Clements: Environmental Protection Agency Administrator Scott Pruitt told the American Farm Bureau Federation he wants to ensure the EPA follows statutes set by Congress. He says the agency must work within its authority, not beyond.
Pruitt: I think when you do rulemaking, whether it’s in clean air or clean water, we have to keep something in mind, that we only have the authority that Congress has given this agency. Sometimes I think rulemaking is considered by some to be super-legislative, or that agencies somehow have discretionary authority that allows them to kind of reimagine their authority in the statutes.
Clements: He says it’s time for the EPA and other agencies to follow the rules when it comes to creating regulations.
Pruitt: You’ve seen agencies across the federal government using, for instance, guidance as a form of rulemaking. Guidance is supposed to do what? It’s supposed to give you guidance in respect to rules that are already in existence. There’s certain requirements that you have to go through when you’re introducing rules and adopting rules. You have to propose a rule, make notice and comment, respond to that notice and comment on the record, finalize that rule.

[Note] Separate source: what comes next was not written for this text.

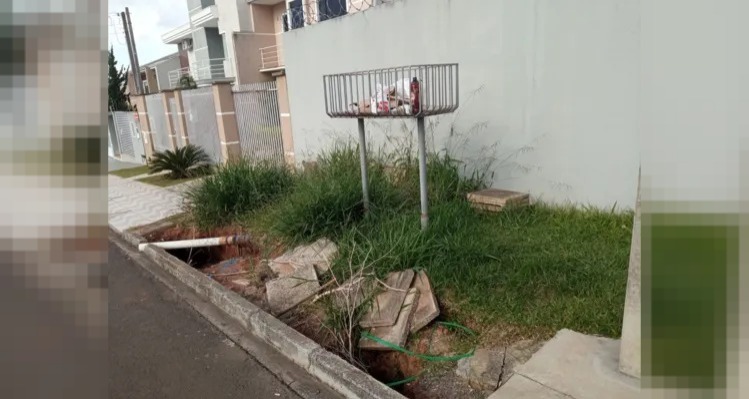 Buraco em calçada do Jardim Carvalho preocupa moradores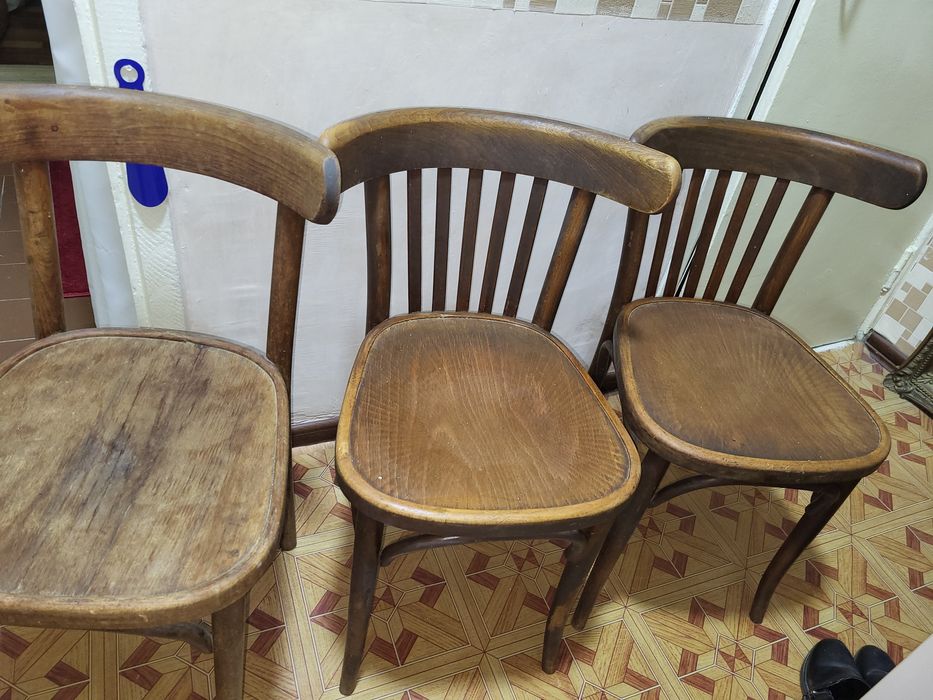 Продаются стулья.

And so what agencies have done unfortunately is bypass that entire process by saying you know what, we’re going to issue some guidance in this area, and it really is a substantive rule.
Clements: By following the rule-making process, Pruitt says it allows federal agencies to work with the people the rule affects.
Pruitt: We don’t have all the answers here, and when agencies pass rules, they need to know how it impacts people in all the states across the country and they need to hear from those people and respond to those folks and say “I hear you, and here’s how we’re going to address that and we think that’s an important point.” That’s what rulemaking should be about.
Clements: Micheal Clements, Washington.